§ PROBLEM STATEMENT
The output should consist solely of the line containing "Nikon D5500 sample" and the lines that follow it through the end of the data below.

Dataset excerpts

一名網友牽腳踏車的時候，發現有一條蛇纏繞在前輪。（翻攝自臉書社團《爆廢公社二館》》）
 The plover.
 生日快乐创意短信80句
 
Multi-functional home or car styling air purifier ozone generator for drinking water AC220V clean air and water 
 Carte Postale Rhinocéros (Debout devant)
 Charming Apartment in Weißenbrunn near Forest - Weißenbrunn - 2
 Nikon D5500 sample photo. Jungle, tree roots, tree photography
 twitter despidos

§ TASK ANSWER
 Nikon D5500 sample photo. Jungle, tree roots, tree photography
 twitter despidos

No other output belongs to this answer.